Tuesday, November 24, 2015

platform for )


my friend made this ultra minimalist metal bedframe for me. unfortunately once you put things on it its less visibly beautiful - but its there

Monday, November 23, 2015

I'm going to look
like a confederate soldier in
silver and navy blue
wearing it for every holiday. better
than a grinch suit

(  my true holiday self        )

Sunday, November 22, 2015

say no

dear diary,

last night was a whirlwind. I met so many people. Unanimously they indicated their admiration and approbation of, well, me. and yet the energy of the evening was at times spoilt - war... you know? absolutely nothing. and nothing can be so dangerous.

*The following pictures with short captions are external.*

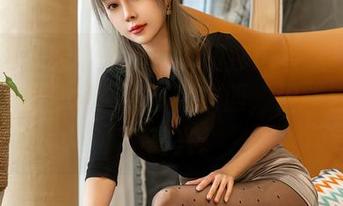 XINGYAN星颜社 – 李丽莎内衣私拍图集,看了想立刻买点儿新衣服,但钱包明显不高兴。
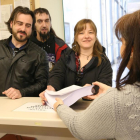 Un grupo de trabajadores Unidos registra más de 13.000 firmas para defender los derechos laborales en Renault y empresas auxiliares.-ICAL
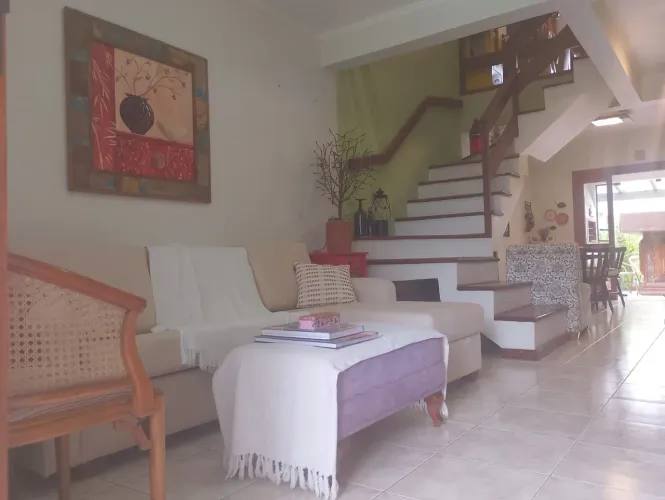 Sobrado no Cristo Rei com 200 m² sendo 2 suítes e 2 vagas de garagem em São Leopoldo
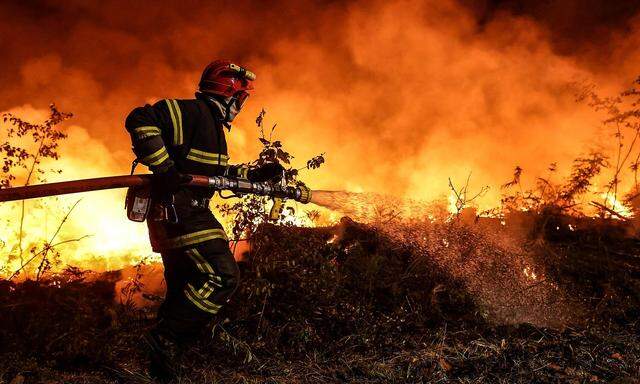 Die Feuerwehr im Einsatz gegen die Waldbrände nahe Louchats in Gironde, im Südwesten Frankreichs.
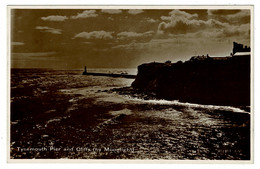 Ref 1433 - Real Photo Postcard - Tynemouth Pier & Lighthouse By Moonlight - Northumbria - Lighthouses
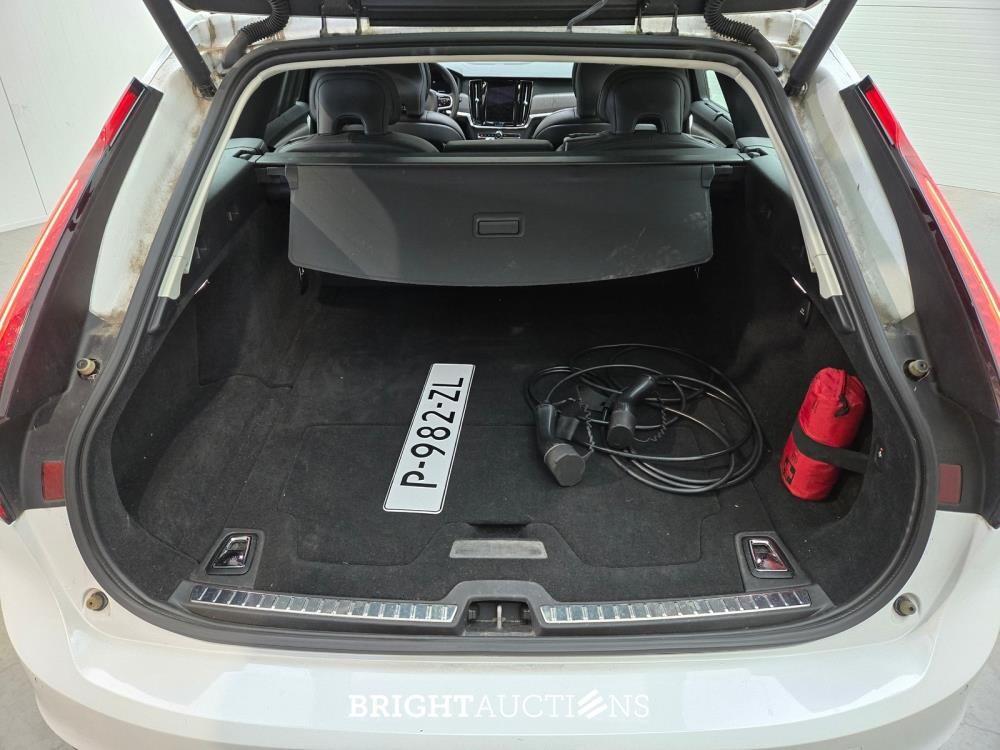 Volvo V90 T6 Plug-in Hybrid Ultimate Bright 2.0 AWD 398pk 2022 (Origineel-NL), P-982-ZL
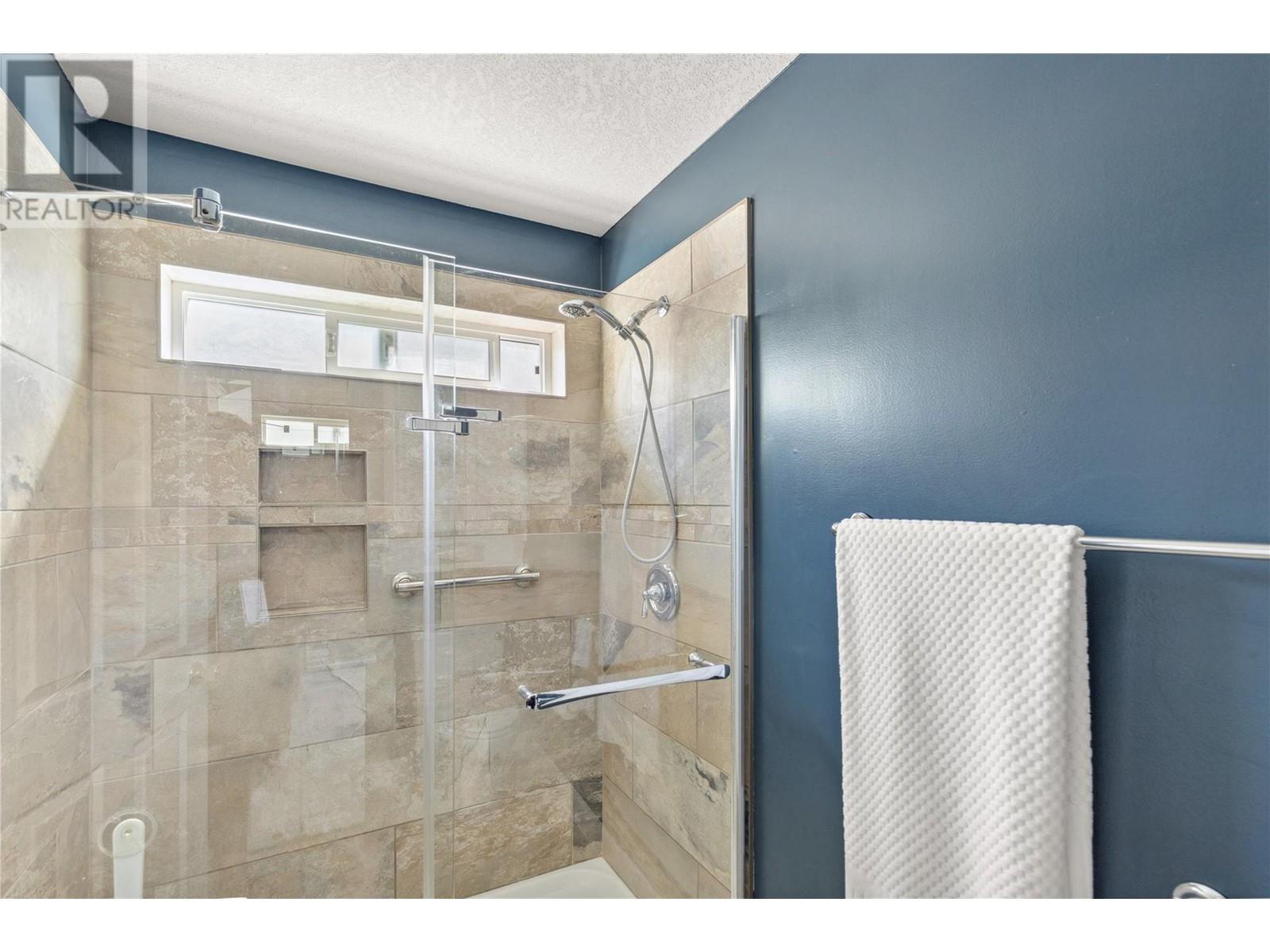 2088 Okanagan Street, Armstrong
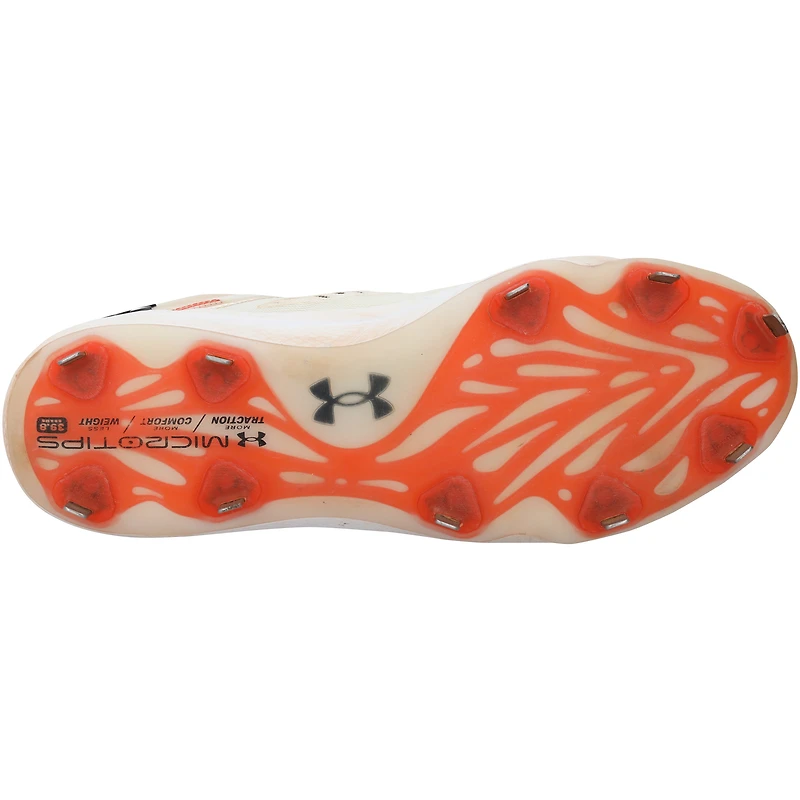 Crampons blancs Under Armour portés en match par Ryan Mountcastle (Baltimore Orioles) lors de la saison 2024 de la MLB, avec inscription « GU 24 » - RG13314283-84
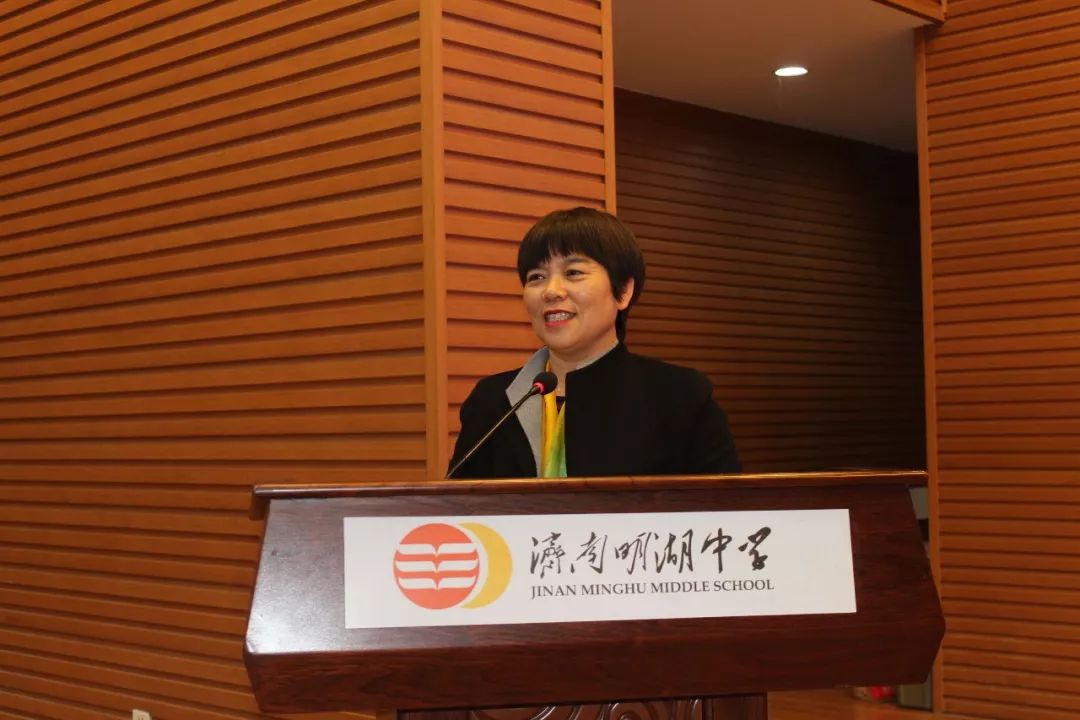 秦涛对家庭教育课堂展示给予高度评价,称赞指导老师是以"父母心"教学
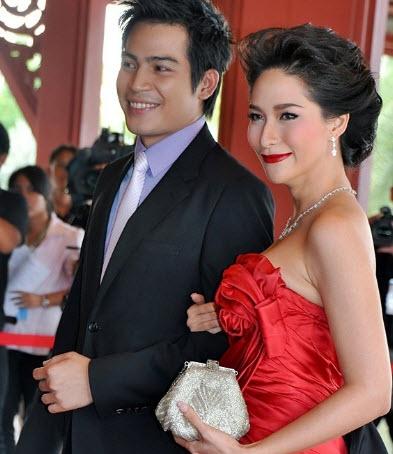 พลอย-ปอ ทฤษฎี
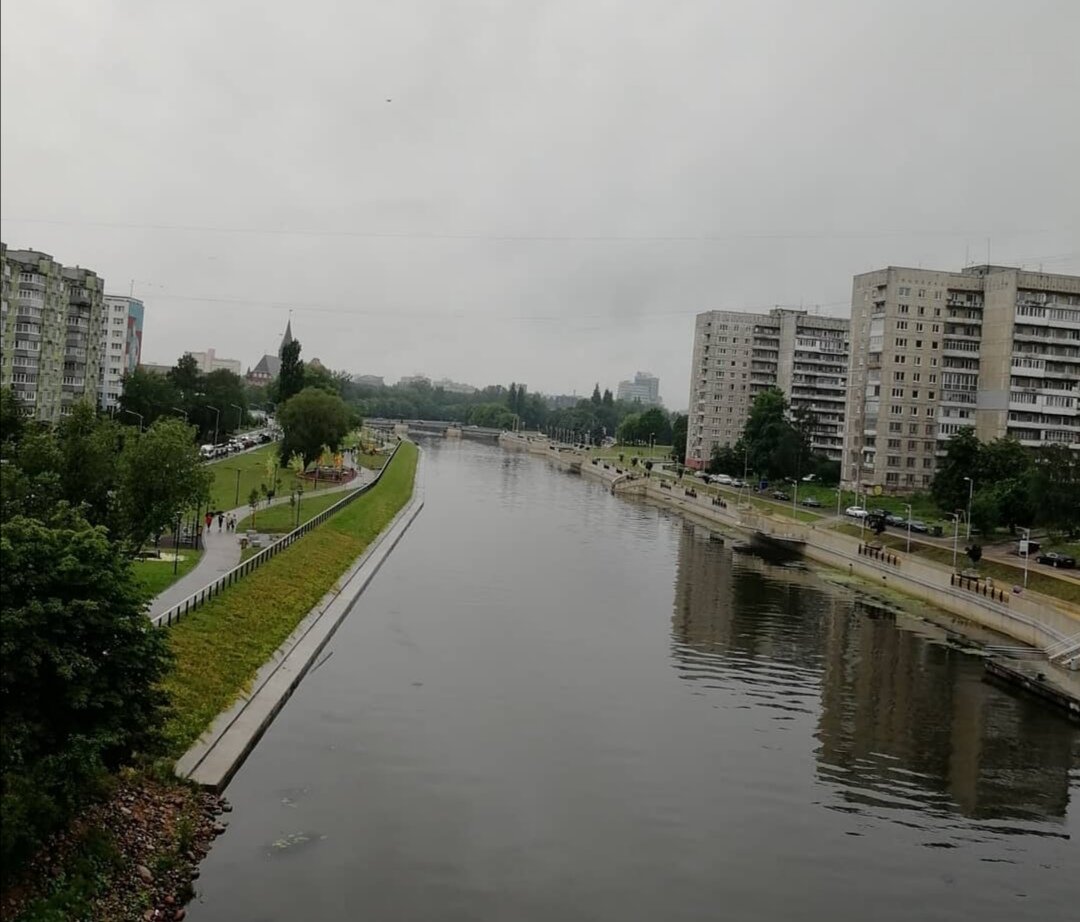 Вид на остров Канта с высоты второго эстакадного моста р. Преголя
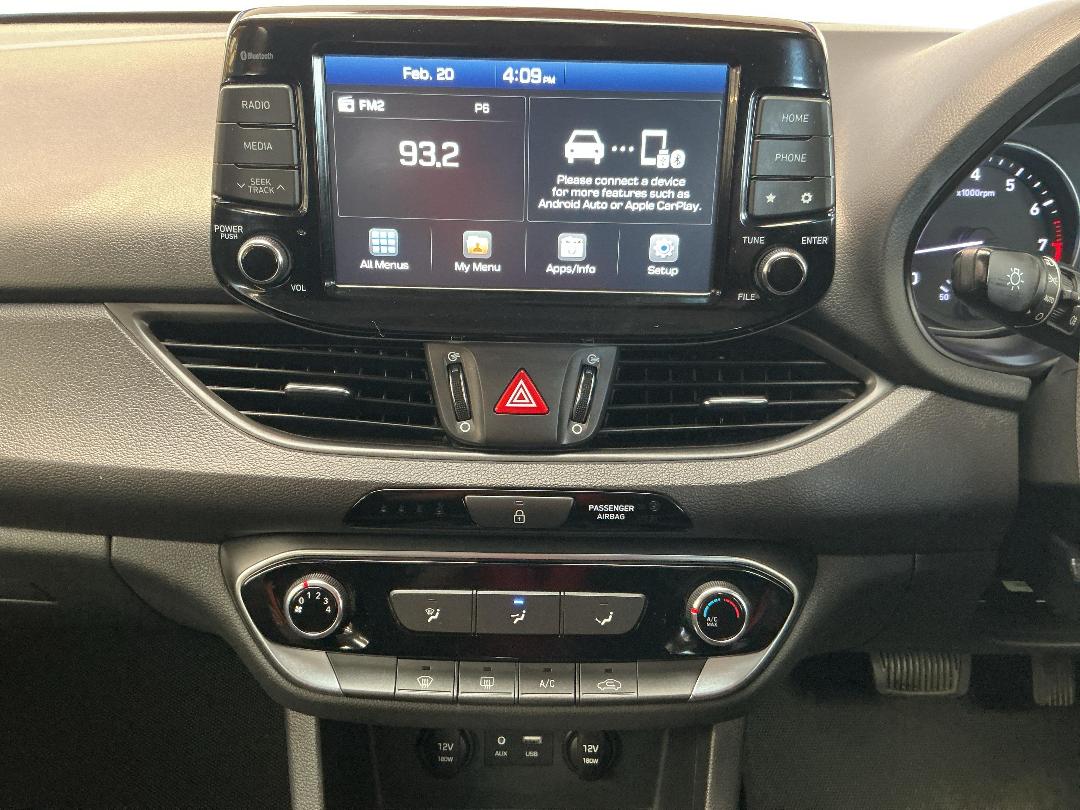 Photo '18' of Hyundai I30 Photo '18' of Hyundai I30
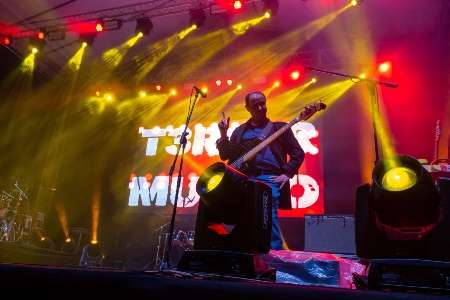 Pablo Mora, un multifacético artista del vidrio 7 Pablo Mora artista del vidrio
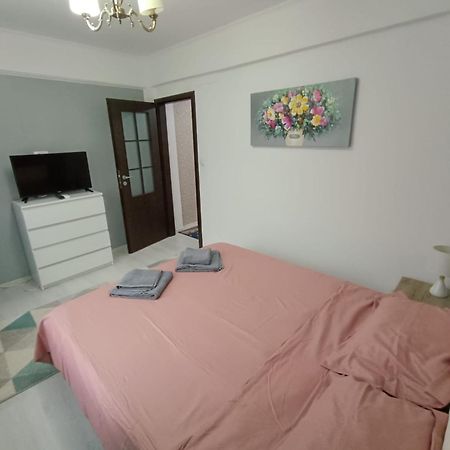 Boutique City Retreats Apartments Iasi Exterior foto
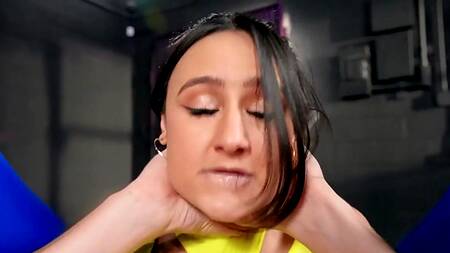 Eliza Ibarra в спортзале соблазняет на еблю двух мужчин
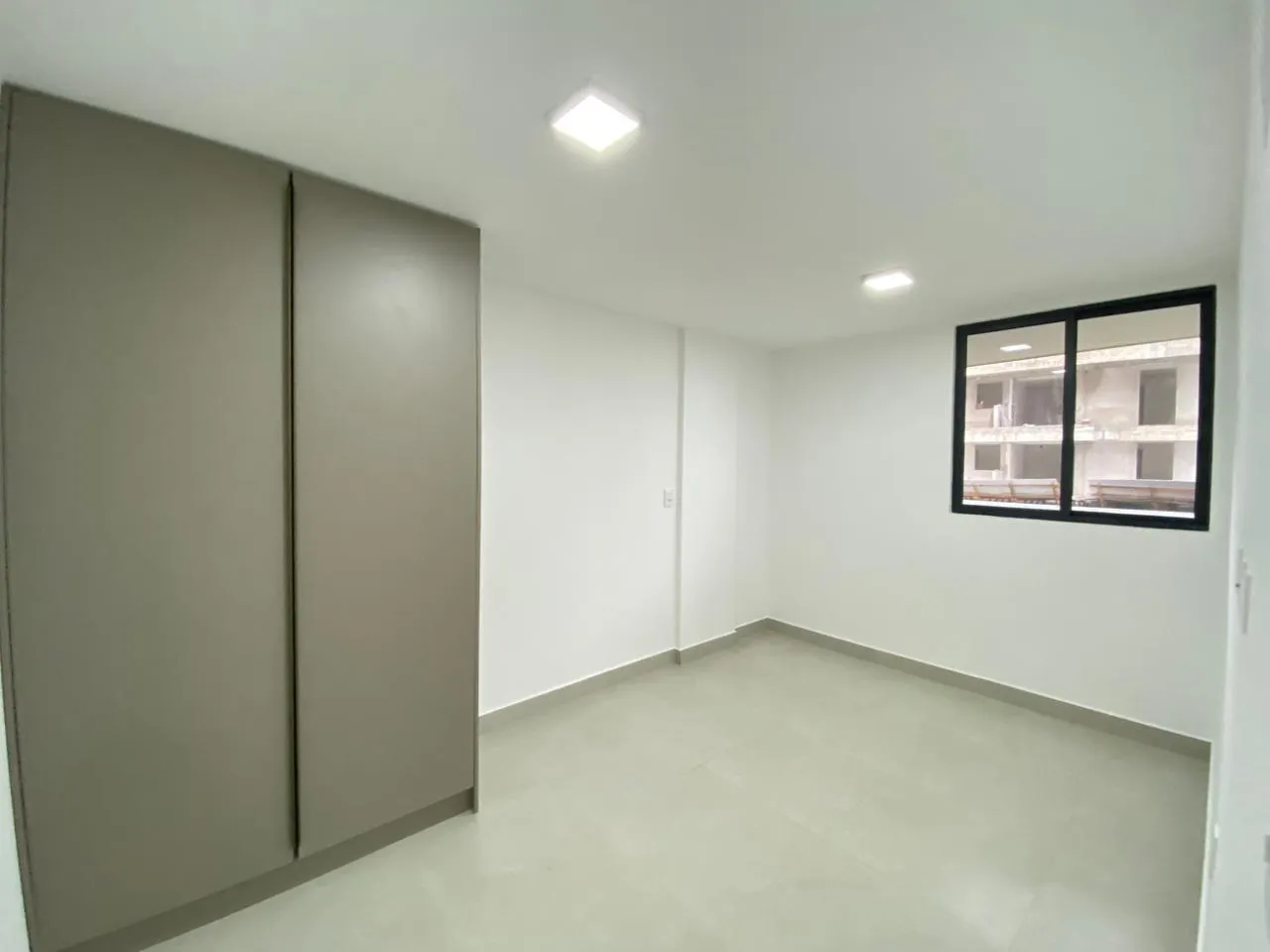 3-bedroom rental apartment with enclosed balcony — photo 18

we entered the zone, an energized local sector with distinct deficiencies. and a wonder station. whoa you cannot do that. but they did. in contrast to my human, I, fortunately, was not called a bitch. an illiterate one at that. outrageous. she tells me she has read many books, though her proof is lacking due to professed minimalism. sadly this alienates her from other literati.

my mind wanders.

I profess not to understand intoxication. less still, the carte blanche awarded its most enthusiastic adopters. I am adopted, as it were. something to consider, should you be lonesome.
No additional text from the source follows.